Trader Joe's Fan - Cult of Joes

From the NY Post Website

New Yorkers salivate for eccentric grocer's March 17 debut Software designer David Galbraith pronounces himself "stoked." East Village resident Brooke Nipar has been talking about it for months. And artist E.V. Day says she's "so excited I'm frothing at the mouth."

The event that has them in such a dither: the opening of a gourmet food store on 14th Street near Union Square.

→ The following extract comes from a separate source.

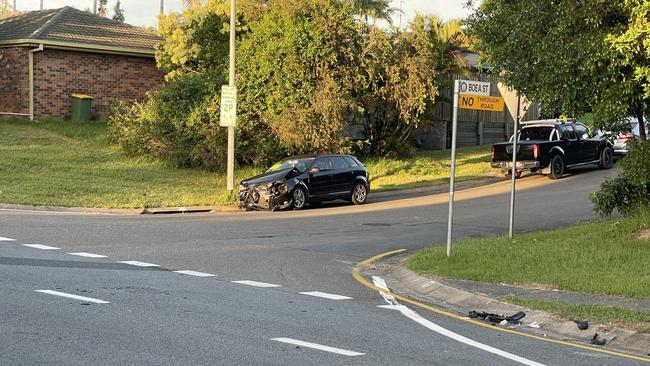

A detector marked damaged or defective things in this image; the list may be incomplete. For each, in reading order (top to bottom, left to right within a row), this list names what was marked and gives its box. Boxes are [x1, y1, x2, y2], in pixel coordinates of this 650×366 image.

damaged front bumper [237, 183, 290, 212]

In a city already awash in enough extra-virgin Tuscan olive oil and organic fingerling potatoes to keep an army of foodies in rations until the next millennium, that might seem an odd cause for jubilation. But this isn't just any gourmet food store - it's the city's first outpost of Trader Joe's, set to open March 17 at 142 E. 14th St., near Third Avenue.

Still confused?

New York, meet Trader Joe's, a 39-year-old California-based chain that inspires a fervor among its many rabid fans that might seem a little unusual to the uninitiated. They sing the praises of its prices (so cheap!), its exotic treats (the Thai lime-and-chile cashews!) the cheerful, Hawaiian-shirted workers (so friendly!), the goofy humor (so down-to-earth!). There are two Web sites devoted to Trader Joe's, and at least one singles group for Trader Joe's shoppers, based in Seattle.

"It's the only supermarket I know that has a cult following," marvels Len Lewis, a business writer and the author of the new book "The Trader Joe's Adventure: Turning a Unique Approach to Business Into a Retail and Cultural Phenomenon."

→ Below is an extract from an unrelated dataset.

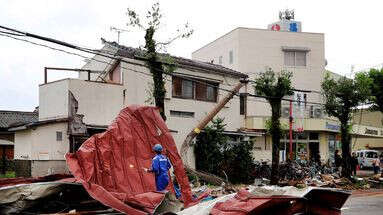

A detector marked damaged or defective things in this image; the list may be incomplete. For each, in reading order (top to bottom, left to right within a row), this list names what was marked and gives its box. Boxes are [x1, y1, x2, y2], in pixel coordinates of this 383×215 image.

damaged roof [0, 110, 38, 128]
torn tarp [65, 106, 195, 215]
damaged house [9, 39, 258, 176]
damaged roof [100, 38, 248, 79]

"It's unique among retail food stores. It's kind of like the Grateful Dead of supermarkets."

The object of all that adulation is a chain of 250 stores, spread over 19 states, that has its roots in Southern California. The namesake and founder, Joe Coulombe, owned a chain of convenience stores around Los Angeles that in 1967 he upscaled into gourmet-food operations selling imported and specialty items at bargain prices.

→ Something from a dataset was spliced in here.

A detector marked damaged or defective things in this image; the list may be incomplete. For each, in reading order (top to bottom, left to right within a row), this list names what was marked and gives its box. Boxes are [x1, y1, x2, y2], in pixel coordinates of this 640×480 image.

Though the chain is now owned by a German grocery conglomerate, Aldi, much of the template for those initial stores survives: cedar-plank walls, a nautical theme, an irreverent sense of humor, workers in Hawaiian shirts who bear the titles captain (store manager), first mate (assistant manager) and crew member. And rock-bottom prices on a wide range of often-beguiling items, from spinach and goat-cheese quesadillas and soy-and-flaxseed tortilla chips to shade-grown French roast coffee and frozen shrimp tempura, 80 percent of them sporting the Trader Joe's house label.

Ask Trader Joe-Heads what they love so much about the store, and in the gush that follows, the prices will invariably get a prominent mention. By largely buying direct from manufacturers, literally scouring the world for bargains and striking hard deals with suppliers, Trader Joe's is able to offer some remarkable prices on high-quality products, says Lewis. They're often well below those of stores like Whole Foods, whether it's frozen ahi tuna steaks for $4.59 a pound, key-lime cheesecakes for $3.99, or the infamous "Two Buck Chuck" - the store's house-label wine, which sells as low as $1.99 a bottle (see above). More to the point, Manhattan real estate won't change that - your favorite salmon jerky will cost the same here as it does in L.A.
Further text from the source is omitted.